The findings of fact made as required by this statute, are the facts upon which a case is determined in this court, unless one or more of such findings are set aside by us upon direct attack. State ex rel. Walker v. Hinkle, Com'r, 37 N.M. 444, 24 P.2d 286; Arias v. Springer et al., 42 N.M. 350, 78 P.2d 153; Supreme Court Rule 15, § 6.
The purpose and intent of the statute is that the district court shall prepare a decision consisting of findings of fact and conclusions of law stated separately, with each finding of fact and each conclusion of law separately paragraphed; and when so prepared, that it be filed in the case as a part of the record proper, and thereupon becomes the decision upon which the judgment thereafter to be entered, must find its support. The findings required are of those ultimate facts (if authorized by the evidence) which plaintiff must prove to establish his right to a judgment, and in the absence of any of which his case fails; and of those ultimate facts (if authorized by the evidence) which the defendant must prove to establish his defense, and in the absence of any of which his defense fails. Merrick v. Deering,30 N.M. 431, 236 P. 735.
It required no more than a page or two of typewriting to cover every ultimate fact and conclusion of law required by the statute to be made, to authorize the judgment entered in this case. Instead of following the purpose and intent of the statute, the district court adopted as findings of fact eighteen pages of typewriting, a mass of evidentiary facts, conclusions of fact and law, and statements on various subjects not necessary to a decision; with a few *Page 388 kernels of ultimate facts scattered through, which we must separate from the mass of chaff to arrive at the ultimate facts upon which the judgment is based. The statute requires the court, not counsel, to make the decision.

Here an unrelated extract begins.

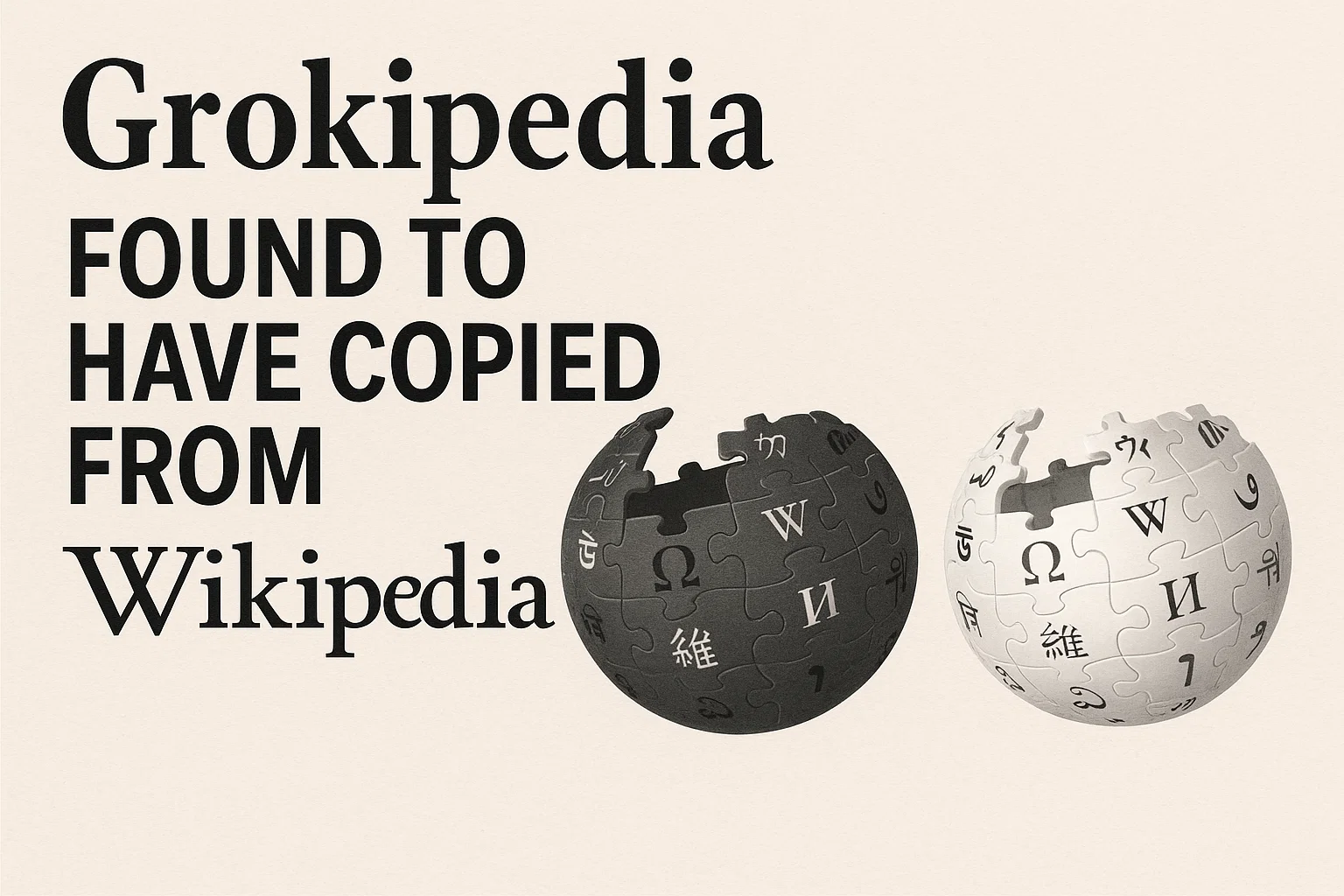 Grokipedia was found to have copied content directly from Wikipedia, despite being positioned as an alternative.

The division of the court is over the facts regarding the ejection of the women from defendant's train, and of their legal effect. These facts, as found by the court, are as follows:
The plaintiff and her sister purchased tickets from the defendant's agent at Albuquerque, entitling them to transportation on defendant's train from that station to El Paso, Texas, and return. They entered defendant's train in Albuquerque and started on their journey to El Paso. The conductor received their tickets for such transportation. At the station of Belen, en route to El Paso, the defendant's conductor requested the plaintiff and her sister to leave the train and ordered their suitcases removed therefrom, without informing them why they were required to leave the train, though they inquired of him the reason therefor. Acting upon the request of the conductor, and against their will, they left the train with him and he placed them in the custody of H.L. Rickard, an employee of the defendant but who at the time was acting as a peace officer and not as an agent of the defendant.
The findings of the court are attacked, but the foregoing is substantially supported by the testimony of plaintiff and her sister. We are not permitted to set aside findings made by the trial court if substantially supported, though against the apparent weight of the testimony.
The plaintiff testified:
"The conductor took our tickets, which were round-trip tickets, punched them and returned them to us. At Belen the conductor came along and commenced to take the tickets off the window and my sister asked `What is wrong? Do we change here?' And he told us, `No,' that we were to get off there. My sister asked again if anything was wrong, and he refused to tell us. With him was another man that I suppose was a special agent. The conductor called the porter to come and get our bags and he got our bags and they put us off the train and the train left and the special agent took our bags and we started towards the station. They did not explain anything to us. Only the conductor spoke to us on the train."
The plaintiff's sister testified:
"When we got to Belen the conductor told us we had to get off. I asked if we got off there, or did we have to change. They did not give us an answer. The minute we got off the train left. We went into the station and the officer stood guard over us."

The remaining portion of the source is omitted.